Ms Forbes said her hands are therefore tied as the telecoms policy is currently reserved to Westminster, and she cannot carry on ‘picking up the tab’ through with its own separate £600m budget that funds the Reaching 100% (R100) programme.

“So, Project Gigabit looks like it’s going from a transformational opportunity to a missed opportunity for Scotland,” she added.

On R100, she updated the committee on its progress. As of April, the programme – divided into North, Central and South contract lots with the supplier, Openreach – has connected 7,685 properties to superfast broadband, with a further 2,200 reached through a broadband voucher scheme. She said she continues to put pressure on Openreach to roll out the connectivity programme ‘at pace’ and to identify any opportunities where R100 and Project Gigabit could intersect. The deadline for the programme to complete is 2026/27.

There have also been positive recent developments on laying subsea cables to connect 15 Scottish islands, with ships currently deployed in the North Sea with aims to complete that work by the end of the year. With mobile infrastructure, a target of adding 45 new tower masts to help communities in ‘notspot’ areas of the country also looks like being exceeding, with 55 being built within the £28.75m Scottish 4G Infill programme, work that is set to conclude by March 2023, figures that were supplied in the virtual meeting by Robbie McGhee, the Scottish Government’s deputy director for digital connectivity.

There were concerns however about the effectiveness of a broadband voucher scheme, raised by Alexander Burnett MSP, who observed that the take-up levels have been low.
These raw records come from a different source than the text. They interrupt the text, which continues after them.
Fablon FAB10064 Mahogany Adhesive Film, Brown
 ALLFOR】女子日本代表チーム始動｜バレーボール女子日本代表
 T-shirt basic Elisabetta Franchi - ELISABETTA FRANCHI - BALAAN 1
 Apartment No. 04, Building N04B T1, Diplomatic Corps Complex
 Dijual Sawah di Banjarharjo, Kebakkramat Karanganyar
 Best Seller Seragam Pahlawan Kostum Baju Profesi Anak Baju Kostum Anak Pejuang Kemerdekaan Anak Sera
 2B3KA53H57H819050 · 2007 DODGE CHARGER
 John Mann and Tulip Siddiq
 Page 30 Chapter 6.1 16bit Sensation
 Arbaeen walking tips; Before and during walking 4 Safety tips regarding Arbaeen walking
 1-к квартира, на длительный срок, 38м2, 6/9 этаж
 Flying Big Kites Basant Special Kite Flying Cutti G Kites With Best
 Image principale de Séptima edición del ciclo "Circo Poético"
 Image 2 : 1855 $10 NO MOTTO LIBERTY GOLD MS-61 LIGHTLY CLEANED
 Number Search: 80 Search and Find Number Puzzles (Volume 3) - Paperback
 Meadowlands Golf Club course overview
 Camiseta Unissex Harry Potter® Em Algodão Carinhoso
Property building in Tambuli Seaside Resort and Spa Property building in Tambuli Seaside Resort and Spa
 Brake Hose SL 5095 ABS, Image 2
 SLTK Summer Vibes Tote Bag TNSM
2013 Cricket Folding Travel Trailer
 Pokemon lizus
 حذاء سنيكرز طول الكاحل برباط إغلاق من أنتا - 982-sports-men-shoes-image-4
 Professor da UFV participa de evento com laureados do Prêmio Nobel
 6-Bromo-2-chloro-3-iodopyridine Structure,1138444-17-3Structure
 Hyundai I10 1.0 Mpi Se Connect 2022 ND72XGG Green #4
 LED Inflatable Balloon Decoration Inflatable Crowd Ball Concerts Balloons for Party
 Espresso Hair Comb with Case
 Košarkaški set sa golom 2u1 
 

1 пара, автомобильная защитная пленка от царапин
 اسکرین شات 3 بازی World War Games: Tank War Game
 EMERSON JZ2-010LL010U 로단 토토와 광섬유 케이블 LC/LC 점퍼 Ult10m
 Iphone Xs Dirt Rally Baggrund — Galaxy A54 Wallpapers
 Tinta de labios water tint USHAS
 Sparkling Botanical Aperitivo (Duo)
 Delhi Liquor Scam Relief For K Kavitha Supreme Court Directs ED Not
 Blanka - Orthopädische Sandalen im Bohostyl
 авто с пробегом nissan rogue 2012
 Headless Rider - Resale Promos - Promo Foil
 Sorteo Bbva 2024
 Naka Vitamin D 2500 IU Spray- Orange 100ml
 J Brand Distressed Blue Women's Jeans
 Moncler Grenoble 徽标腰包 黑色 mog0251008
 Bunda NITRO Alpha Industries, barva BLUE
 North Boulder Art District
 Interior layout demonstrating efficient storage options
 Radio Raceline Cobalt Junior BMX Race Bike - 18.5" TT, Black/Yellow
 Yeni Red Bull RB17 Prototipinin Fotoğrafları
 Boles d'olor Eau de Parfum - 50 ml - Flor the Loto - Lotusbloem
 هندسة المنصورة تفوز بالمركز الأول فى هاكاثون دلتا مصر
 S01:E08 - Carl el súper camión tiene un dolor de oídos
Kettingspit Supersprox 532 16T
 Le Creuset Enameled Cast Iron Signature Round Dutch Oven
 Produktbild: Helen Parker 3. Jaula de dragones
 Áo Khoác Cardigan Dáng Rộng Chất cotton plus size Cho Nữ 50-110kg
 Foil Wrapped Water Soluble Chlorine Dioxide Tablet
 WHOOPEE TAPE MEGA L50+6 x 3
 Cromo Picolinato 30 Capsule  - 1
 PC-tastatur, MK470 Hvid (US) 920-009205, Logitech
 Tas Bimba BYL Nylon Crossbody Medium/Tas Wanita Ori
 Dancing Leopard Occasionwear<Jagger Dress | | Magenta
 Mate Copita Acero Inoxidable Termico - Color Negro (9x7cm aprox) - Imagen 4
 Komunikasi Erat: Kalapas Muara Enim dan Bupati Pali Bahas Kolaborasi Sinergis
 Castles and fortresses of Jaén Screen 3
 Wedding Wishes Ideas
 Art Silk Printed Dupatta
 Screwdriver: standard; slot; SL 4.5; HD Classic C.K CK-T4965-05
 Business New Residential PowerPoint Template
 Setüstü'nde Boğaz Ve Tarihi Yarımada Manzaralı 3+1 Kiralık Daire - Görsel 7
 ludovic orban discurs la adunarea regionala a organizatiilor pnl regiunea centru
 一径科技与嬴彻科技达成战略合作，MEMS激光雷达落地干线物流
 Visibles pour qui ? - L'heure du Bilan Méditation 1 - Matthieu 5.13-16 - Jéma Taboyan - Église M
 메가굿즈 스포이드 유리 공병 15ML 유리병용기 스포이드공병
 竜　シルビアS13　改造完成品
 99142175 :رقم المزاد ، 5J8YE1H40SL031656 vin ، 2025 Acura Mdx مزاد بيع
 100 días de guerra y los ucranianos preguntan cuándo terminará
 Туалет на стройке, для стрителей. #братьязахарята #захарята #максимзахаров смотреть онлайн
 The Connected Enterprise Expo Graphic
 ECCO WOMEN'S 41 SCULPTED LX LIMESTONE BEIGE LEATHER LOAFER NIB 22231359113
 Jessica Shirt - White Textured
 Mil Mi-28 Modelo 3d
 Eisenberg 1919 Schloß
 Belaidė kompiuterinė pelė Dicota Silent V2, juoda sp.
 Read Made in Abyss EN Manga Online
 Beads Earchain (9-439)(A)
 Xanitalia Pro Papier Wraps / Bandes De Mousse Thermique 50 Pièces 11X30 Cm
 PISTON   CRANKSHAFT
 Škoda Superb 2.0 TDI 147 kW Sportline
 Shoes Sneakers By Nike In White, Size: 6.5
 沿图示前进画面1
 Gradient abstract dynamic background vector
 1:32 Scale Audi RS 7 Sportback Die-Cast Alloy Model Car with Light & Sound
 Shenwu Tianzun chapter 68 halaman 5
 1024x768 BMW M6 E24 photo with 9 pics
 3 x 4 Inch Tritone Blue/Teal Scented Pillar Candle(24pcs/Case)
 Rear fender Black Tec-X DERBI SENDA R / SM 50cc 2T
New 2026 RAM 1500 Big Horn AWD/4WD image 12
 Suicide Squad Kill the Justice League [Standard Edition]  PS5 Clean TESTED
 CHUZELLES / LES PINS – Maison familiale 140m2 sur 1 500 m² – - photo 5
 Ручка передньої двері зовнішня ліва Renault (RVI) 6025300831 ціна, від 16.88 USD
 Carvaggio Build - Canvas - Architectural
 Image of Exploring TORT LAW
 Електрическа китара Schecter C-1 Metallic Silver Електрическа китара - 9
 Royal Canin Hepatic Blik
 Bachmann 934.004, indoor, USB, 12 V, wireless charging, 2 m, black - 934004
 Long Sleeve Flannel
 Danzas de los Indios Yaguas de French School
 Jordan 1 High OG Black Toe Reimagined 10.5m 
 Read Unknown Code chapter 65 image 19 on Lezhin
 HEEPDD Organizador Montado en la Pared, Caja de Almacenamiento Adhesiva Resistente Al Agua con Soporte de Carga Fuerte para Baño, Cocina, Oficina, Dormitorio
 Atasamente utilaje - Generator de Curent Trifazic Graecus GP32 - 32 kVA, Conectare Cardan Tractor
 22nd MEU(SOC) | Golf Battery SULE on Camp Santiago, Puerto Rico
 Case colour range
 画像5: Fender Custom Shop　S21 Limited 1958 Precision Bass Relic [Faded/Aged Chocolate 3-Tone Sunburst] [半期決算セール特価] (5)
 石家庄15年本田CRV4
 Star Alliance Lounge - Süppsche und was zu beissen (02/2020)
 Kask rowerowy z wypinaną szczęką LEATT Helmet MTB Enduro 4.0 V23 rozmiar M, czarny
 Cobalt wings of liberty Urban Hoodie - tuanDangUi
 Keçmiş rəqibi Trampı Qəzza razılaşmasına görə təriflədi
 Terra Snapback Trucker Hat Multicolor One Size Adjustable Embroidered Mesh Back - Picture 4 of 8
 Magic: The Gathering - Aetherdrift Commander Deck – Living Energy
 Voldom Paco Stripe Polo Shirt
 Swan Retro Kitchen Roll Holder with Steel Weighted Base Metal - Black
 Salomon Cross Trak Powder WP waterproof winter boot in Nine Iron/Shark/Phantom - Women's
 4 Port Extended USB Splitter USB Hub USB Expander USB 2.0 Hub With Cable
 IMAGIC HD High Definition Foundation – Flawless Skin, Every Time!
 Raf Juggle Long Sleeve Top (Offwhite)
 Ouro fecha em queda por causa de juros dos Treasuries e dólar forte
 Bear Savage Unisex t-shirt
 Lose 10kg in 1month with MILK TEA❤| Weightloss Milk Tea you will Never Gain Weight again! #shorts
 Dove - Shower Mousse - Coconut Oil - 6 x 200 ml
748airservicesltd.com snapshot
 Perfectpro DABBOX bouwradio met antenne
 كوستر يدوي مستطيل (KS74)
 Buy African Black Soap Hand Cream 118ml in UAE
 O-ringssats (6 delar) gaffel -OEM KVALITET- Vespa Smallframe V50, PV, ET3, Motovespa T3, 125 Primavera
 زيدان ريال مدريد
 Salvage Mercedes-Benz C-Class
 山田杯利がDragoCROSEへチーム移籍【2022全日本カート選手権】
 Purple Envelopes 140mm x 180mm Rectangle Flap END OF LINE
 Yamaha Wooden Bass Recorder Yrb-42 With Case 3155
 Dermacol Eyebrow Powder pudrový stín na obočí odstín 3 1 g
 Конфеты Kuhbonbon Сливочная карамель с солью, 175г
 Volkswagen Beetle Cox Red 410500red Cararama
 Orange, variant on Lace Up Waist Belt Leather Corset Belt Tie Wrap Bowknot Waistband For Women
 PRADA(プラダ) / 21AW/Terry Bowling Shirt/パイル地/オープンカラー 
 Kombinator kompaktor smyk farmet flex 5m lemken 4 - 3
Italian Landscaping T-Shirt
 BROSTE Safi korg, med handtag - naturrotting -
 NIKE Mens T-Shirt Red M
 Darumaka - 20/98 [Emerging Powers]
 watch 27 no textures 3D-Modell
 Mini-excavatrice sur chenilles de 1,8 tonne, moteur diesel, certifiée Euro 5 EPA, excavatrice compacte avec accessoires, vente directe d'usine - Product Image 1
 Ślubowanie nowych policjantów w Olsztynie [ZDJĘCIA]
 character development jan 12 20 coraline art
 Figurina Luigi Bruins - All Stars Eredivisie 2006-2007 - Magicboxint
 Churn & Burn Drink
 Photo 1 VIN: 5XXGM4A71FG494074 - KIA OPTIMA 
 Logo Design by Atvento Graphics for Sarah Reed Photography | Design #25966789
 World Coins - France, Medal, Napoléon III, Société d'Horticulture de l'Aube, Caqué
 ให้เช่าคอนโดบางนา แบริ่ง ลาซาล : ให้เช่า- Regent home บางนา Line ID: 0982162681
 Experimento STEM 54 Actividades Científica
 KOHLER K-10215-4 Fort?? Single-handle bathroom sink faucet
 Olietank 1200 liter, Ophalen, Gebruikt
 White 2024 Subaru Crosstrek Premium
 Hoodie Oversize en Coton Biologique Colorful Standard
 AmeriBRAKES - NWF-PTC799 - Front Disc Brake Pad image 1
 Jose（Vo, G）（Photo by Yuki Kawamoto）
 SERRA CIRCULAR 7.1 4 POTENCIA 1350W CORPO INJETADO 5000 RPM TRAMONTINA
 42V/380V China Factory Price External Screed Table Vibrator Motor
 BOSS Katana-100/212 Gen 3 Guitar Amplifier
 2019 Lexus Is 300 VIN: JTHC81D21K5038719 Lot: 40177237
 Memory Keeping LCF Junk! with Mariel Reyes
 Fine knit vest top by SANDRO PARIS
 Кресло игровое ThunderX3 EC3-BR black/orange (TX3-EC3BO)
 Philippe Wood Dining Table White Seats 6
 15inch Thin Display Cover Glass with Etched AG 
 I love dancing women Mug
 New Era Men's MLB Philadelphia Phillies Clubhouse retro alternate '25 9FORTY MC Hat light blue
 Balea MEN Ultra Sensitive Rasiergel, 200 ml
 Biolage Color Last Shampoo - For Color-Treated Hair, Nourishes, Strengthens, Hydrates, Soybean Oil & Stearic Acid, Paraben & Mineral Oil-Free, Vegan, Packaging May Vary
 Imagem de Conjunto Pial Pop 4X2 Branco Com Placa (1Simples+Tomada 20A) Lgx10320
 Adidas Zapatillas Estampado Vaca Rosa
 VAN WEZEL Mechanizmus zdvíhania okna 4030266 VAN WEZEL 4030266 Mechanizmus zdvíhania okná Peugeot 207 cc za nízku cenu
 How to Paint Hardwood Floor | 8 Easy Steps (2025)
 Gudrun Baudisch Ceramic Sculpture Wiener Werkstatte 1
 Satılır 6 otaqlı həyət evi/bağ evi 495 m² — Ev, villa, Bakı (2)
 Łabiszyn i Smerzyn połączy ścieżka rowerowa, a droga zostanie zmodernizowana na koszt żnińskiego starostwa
Ms Forbes said she didn’t have all the answers as to the ‘attractiveness’ of the scheme but the Scottish Government had extended it by three months and despite advertising in local, national and social media, she said that it is ‘demand-led’. She committed however to any unspent money being re-invested in digital connectivity.

Colin Beattie MSP raised a question about the commercial viability of next generation connectivity 5G testbeds that were being set up around the country by the Scottish Government. Ms Forbes said that £4m had been reserved to deliver the S5G Connect programme, overseen by the Scotland 5G Centre. She said the aim of them was to accelerate the adoption of the new technology and its potential economic contribution. However, she once again pointed to the fact that the issue was reserved to Westminster and Scotland’s programme has to ‘compliment’ work that is commercially-led or UK Government-led.